El Ministerio de Educación Nacional, a través de la Unidad Administrativa Especial de Alimentación Escolar (UApA), presentó el balance del PAE entre 2022 y 2026: el país aumentó la inversión como nunca antes y los recursos quedaron garantizados. Pero el reporte abre una pregunta incómoda: si el presupuesto creció, ¿por qué en decenas de territorios se atienden menos estudiantes?
El ministro de Educación, Daniel Rojas Medellín, puso sobre la mesa el dilema que hoy debe responder cada entidad territorial: ¿dónde se está quedando el dinero que se ha aumentado para el Programa de Alimentación Escolar? ¿por qué se redujo la atención en territorios con mayores recursos? ¿por qué sube el costo de la ración del PAE mientras disminuye la atención a más niños y niñas?
El PAE hoy cuenta con un respaldo financiero mucho mayor que hace cuatro años. En 2022 el programa tenía $ 4,33 billones y en 2026 llegó a $ 7,24 billones, es decir, $ 2,91 billones más. Además, el aporte de la Nación creció de $ 1,5 billones a $ 3 billones, con $ 1,5 billones adicionales.

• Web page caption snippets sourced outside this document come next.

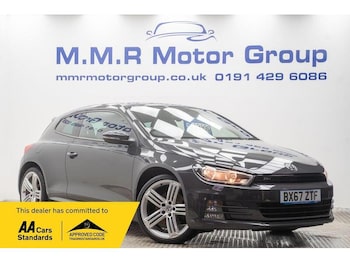 Volkswagen Scirocco feature image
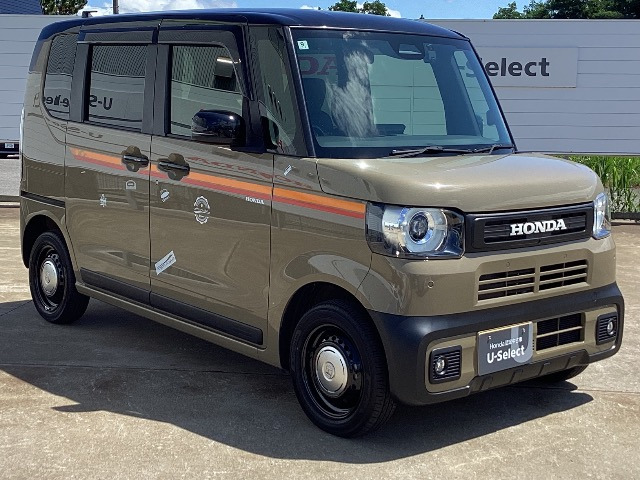 N-BOXジョイ モノトーン 4WD
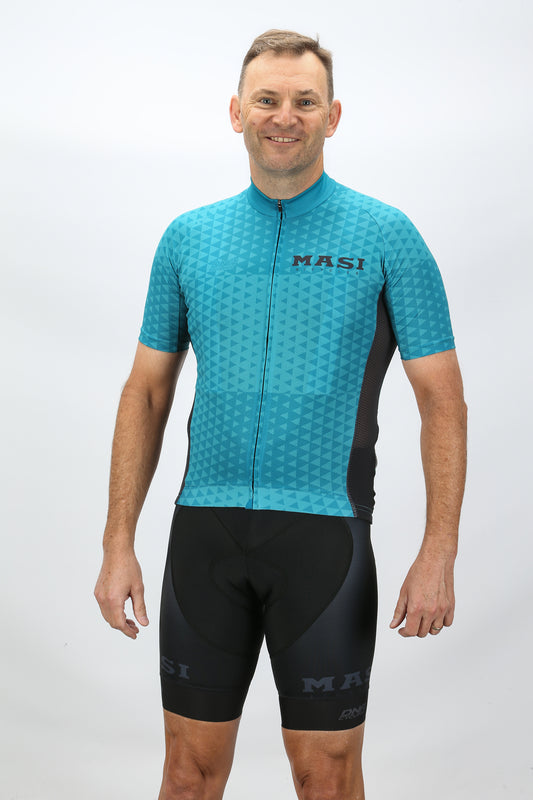 Masi DNA Race Jersey Blue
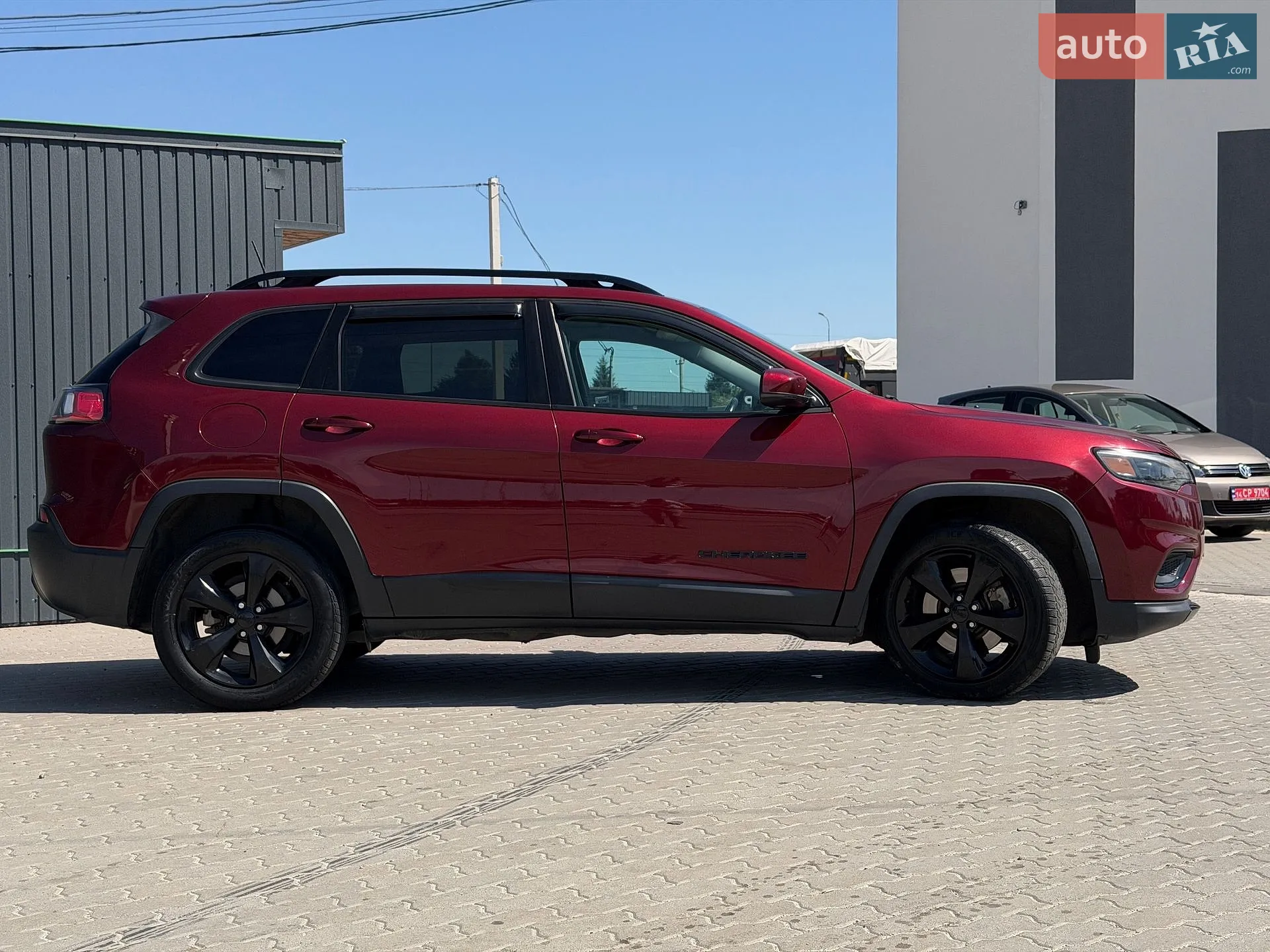 2019 Jeep Cherokee - мініатюра 15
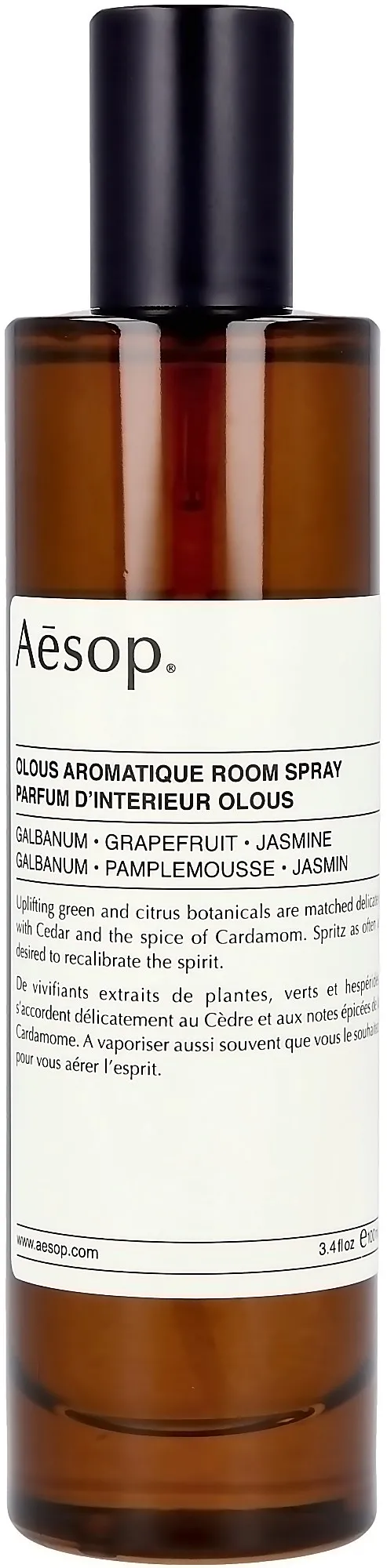Aesop Olous Aromatique Room Spray 100 ml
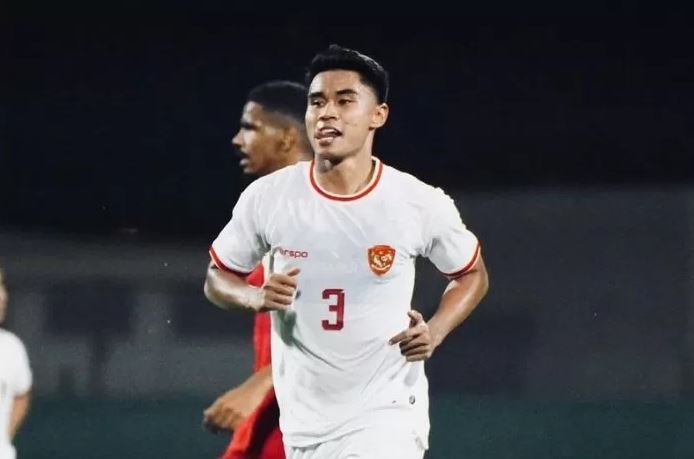 PANGGILAN TIMNAS— Muhammad Ferarri kembali mendapat panggilan Timnas Indonesia. Bek Persija Jakarta itu akan tampil di Piala AFF 2024.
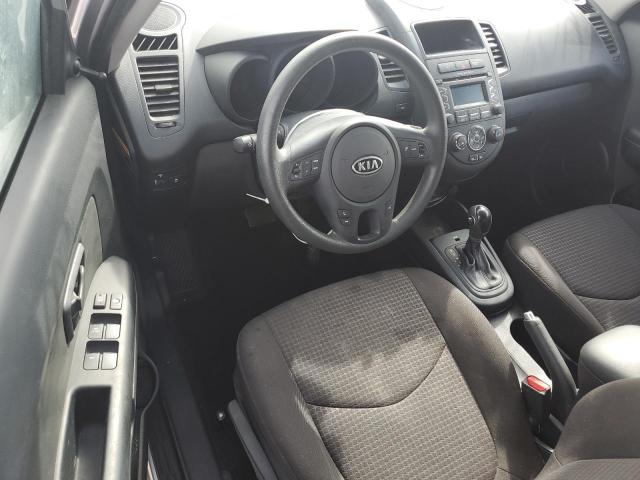 2012 KIA SOUL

El presupuesto está sobre la mesa. La pregunta es otra: ¿qué territorios lo están convirtiendo en cobertura real y en cuáles no se convierten en alimentación?
A pesar del aumento de recursos, el país pasó de 5,9 millones de niñas y niños atendidos en 2022 a 5,6 millones en 2025, volviendo a niveles de atención en cantidad de estudiantes de 2019. La caída equivale a 253.360 beneficiarios menos.
A esto se suma otra preocupación: el Ministro advirtió que el costo promedio de la ración, en el país, aumentó un 35 % en el periodo analizado, incluso cuando la tendencia de la inflación de alimentos empezó a bajar. Y citó un caso extremo: Sincelejo, donde la ración pasó de $ 3.800 en 2022 a $10.600 en 2025 (con una variación del 173 %).